A typical application programmer has been fairly spoilt in recent years. As well as a large choice of development environments, the speed of processors and size of memory have increased at a fast rate. Rarely does the programmer of a modern day general-purpose computer have to spend time tuning code for space or performance, and when these become an issue such as in servers handling a high number of clients, it is design time decisions rather than programming idioms that yield the greatest results.
Sometimes the programmer does not even need to address the problem, as it goes away by itself due to the fast pace of change in the industry: A program that is sluggish during development time is acceptable at the point of release, and fast once shipped in numbers as hardware speeds outpace software development. Users have become used to having to upgrade their hardware to run the latest software so they almost expect it, so new features can eat up memory and processor cycles without fear.

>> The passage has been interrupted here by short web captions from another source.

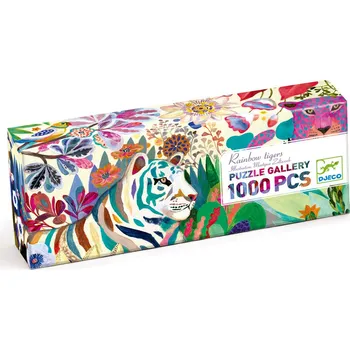 Puzzle - Duhový tygr - 1000 ks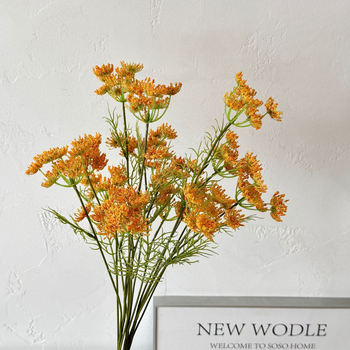 5-пръстенo дантелени изкуствени цветя – Kangxin, пластмаса, инжекционно формоване, серия 8890773, за сватби, външни условия, реквизити за снимки, домашна декорация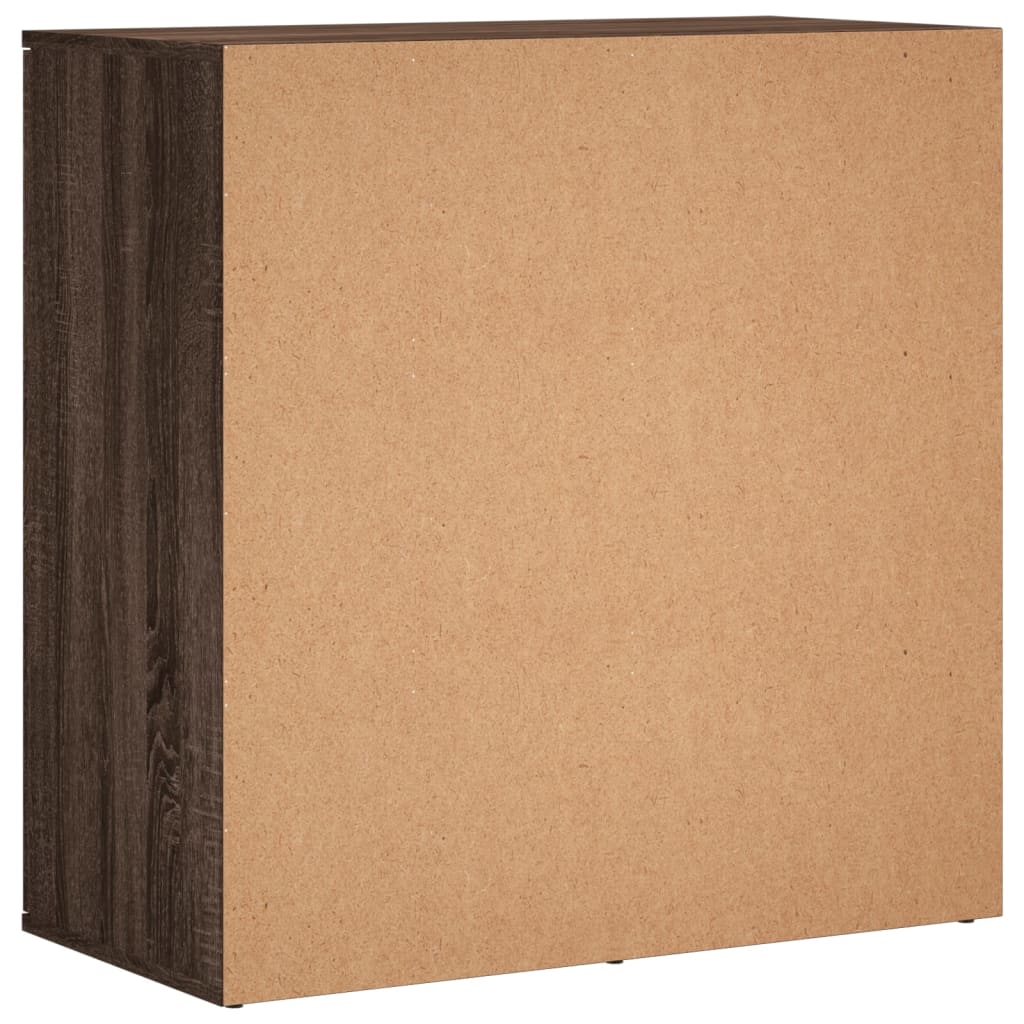 Image Buffets 2 pcs chêne marron 79x38x80 cm bois d'ingénierie | Xios Store SNC vidaXL Xios Store SNC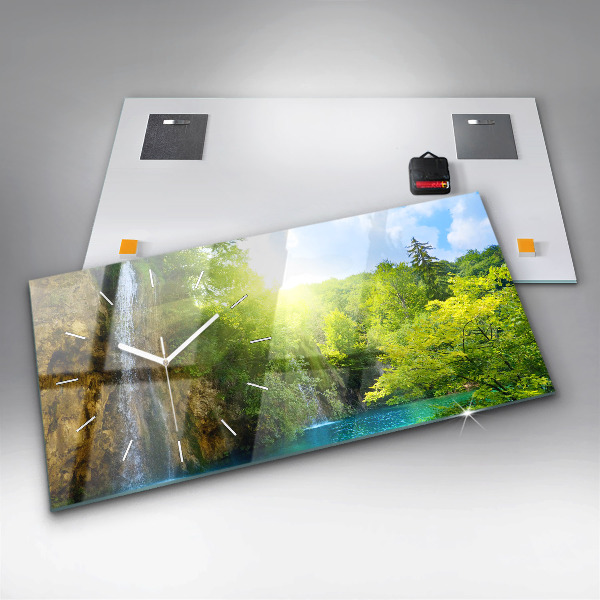 Vízszintes üvegóra Lagúna táj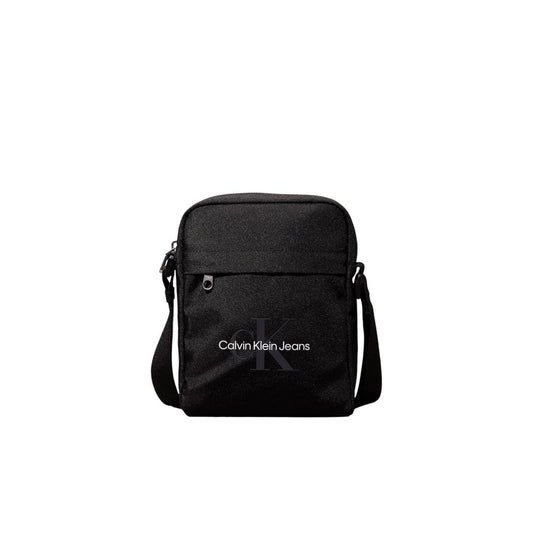 Calvin Klein Jeans – Schwarze Messenger-Tasche aus recyceltem Polyester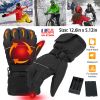 Heating Warm Gloves, Battery Powered Waterproof Glove, Unisex for Outdoors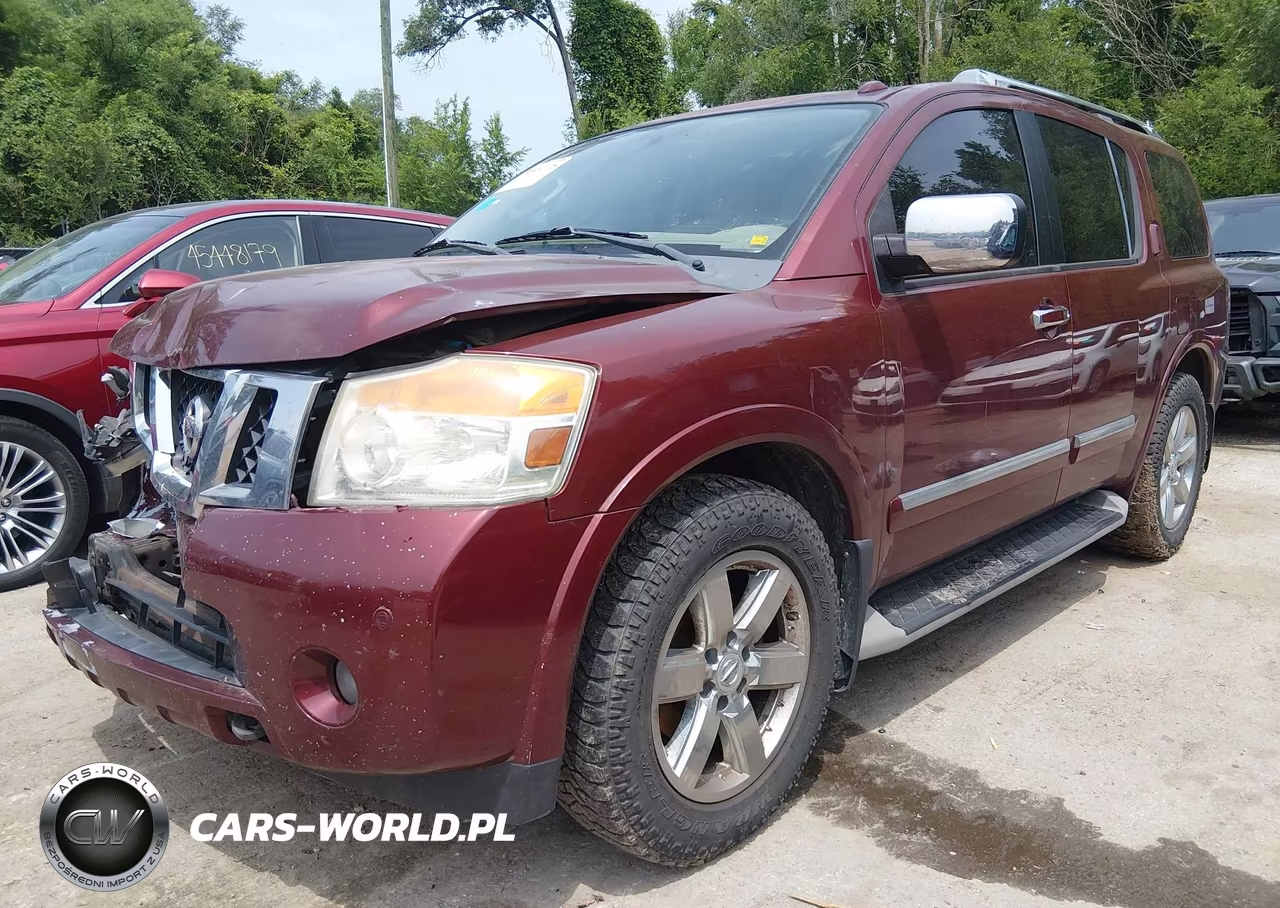 2011 Nissan Armada Platinum VIN:5N1BA0ND2BN606418 - 2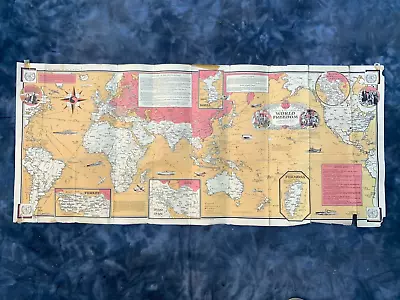 Vintage 1950 Pictorial Map World Freedom Ernest Chase Commemorate United Nations • $800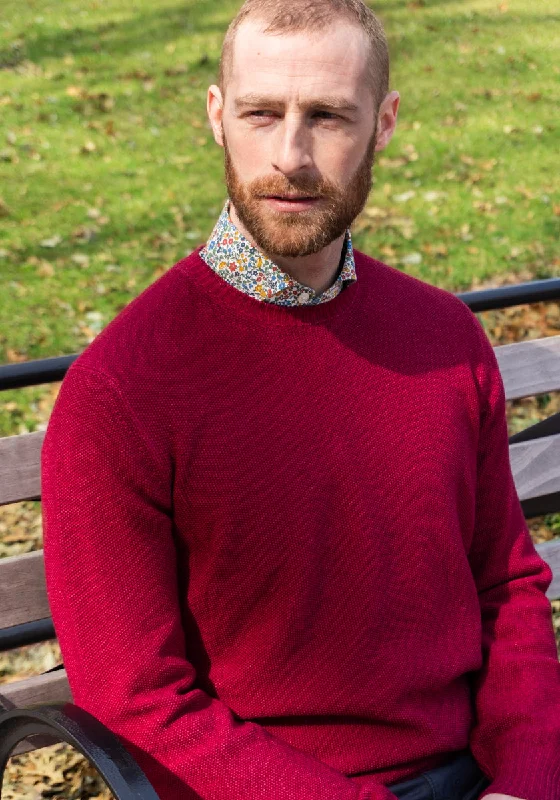 Year-End Deals Merino Wool Pique Crewneck Sweater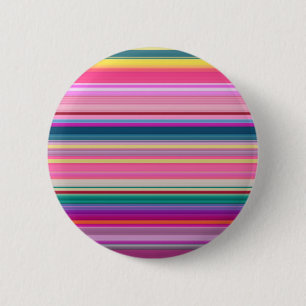 Streifen Retro multicolors Button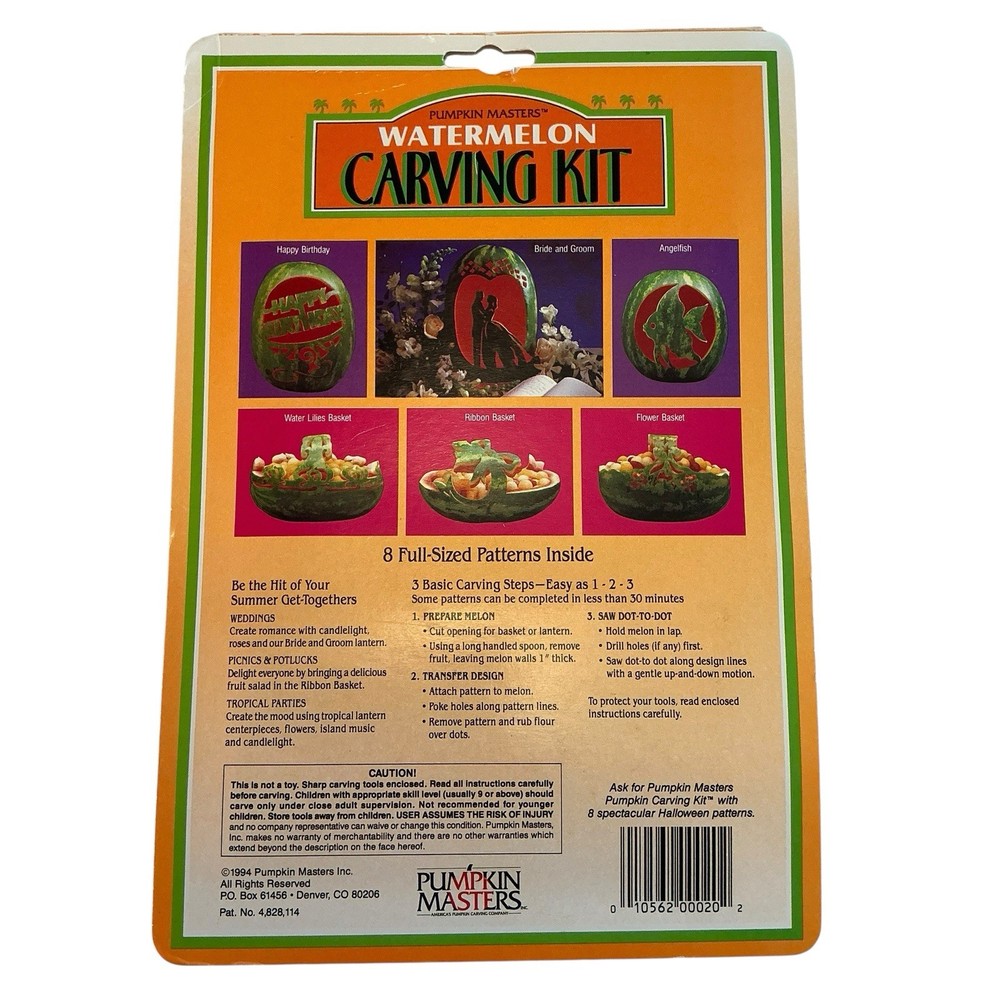 Pumpkin Masters WATERMELON CARVING KIT - Includes 8 Full Size Patterns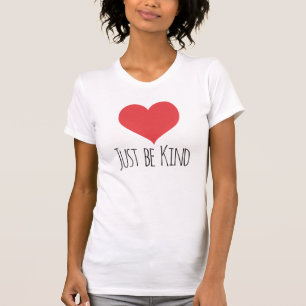 ちょうど親切な の女性のティーがあって下さい Tシャツ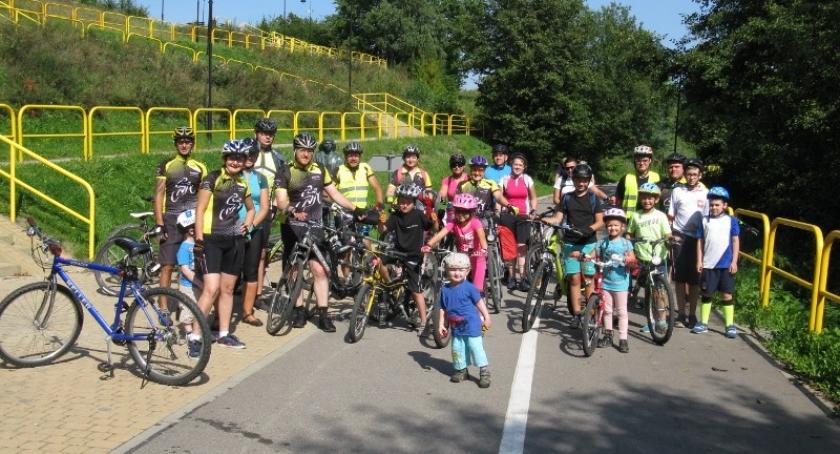 Rodzinny rajd rowerowy na zakończenie wakacji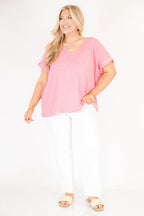 Darling Days T-Shirt, Fuchsia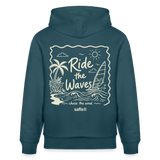 safis Windsurf Hoodie Männer Bio-Hoodie CRUISER -ride the waves- - Dunkles Petrol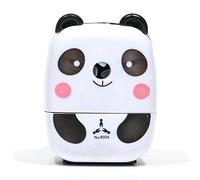 Pencil Sharpener, Non Slip Tool Students Gift Kids Small Stationery Cartoon Animal Labor Saving Desktop School Cute Hand Crank(Panda)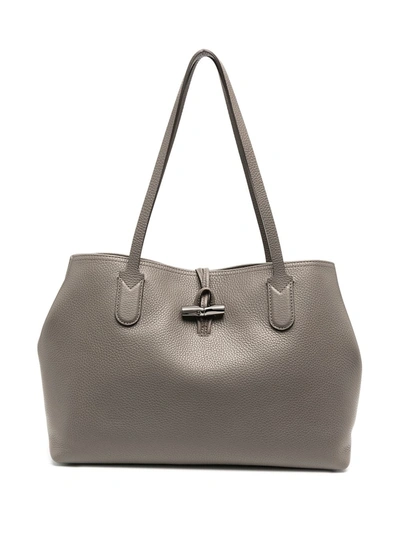 Longchamp Roseau 购物袋 In Grey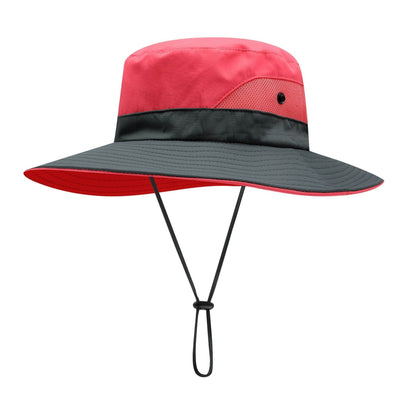 🔥 Solhatt för utomhusbruk, parhatt för fiskare, hopfällbar sommarsolhatt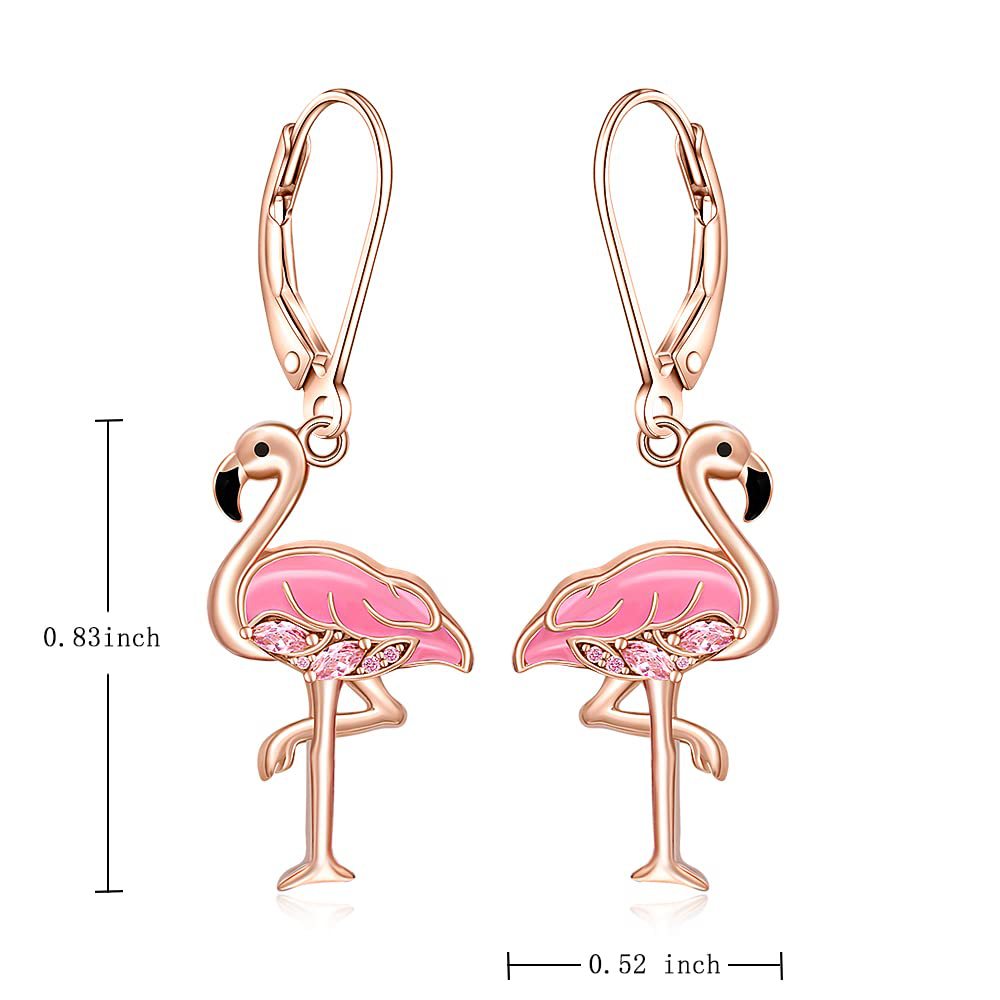 Flamingo Enamed Earrings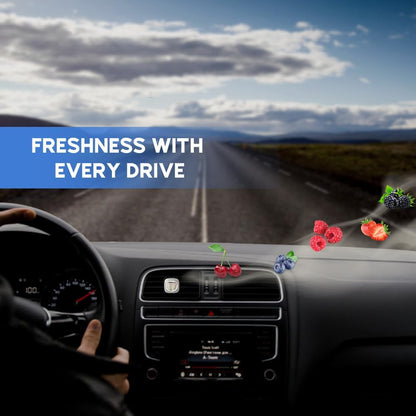 Air Jungles New Car Scent Car Air Freshener Clip, 6 Car Freshener Vent Clips, 4ml Each, Long Lasting Air Freshener for Car, Up to 180 Days Car Refresher Odor Eliminator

The computer industry, believing there is a shortage of programmers, has accepted into its ranks scores of developers who otherwise would not make the grade. This has led to many companies where sloppy work has become the norm. The tolerance of the users to having to restart the program or machine, and of operating systems that tidy up the resources, means such practices proliferate.
These factors have led to the explosion of applications giving the user unprecedented choice. In recent years the exponential growth in open source programs has added to the existing commercial and shareware offerings increasing this choice further.
Yet, the most common "computer" on the planet is still embedded.
For a minority at the extremes, such as the programmer of 8-bit controllers and the database query language programmer, the colliding of worlds is irrelevant. For the rest of the computer industry many facets of the job will change, desktop applications will require a PDA version, server code will need to deal with a larger variety of clients, embedded systems will require graphical user interfaces and allow user driven upgrades. The application programmer will not only need to learn different platforms, but will be required to learn some of the skills the embedded programmer takes for granted, conversely, the embedded programmer will need to deal with interfaces that are no longer well defined or predictable and will no longer program in an environment mostly under his control.
The future will certainly require many of us to learn new skills, but our industry has always been in a state of rapid change. The better developers will expand their horizons and meet the challenge; the least skilled will struggle. As they say in France, "Plus ça change, plus c'est la même chose".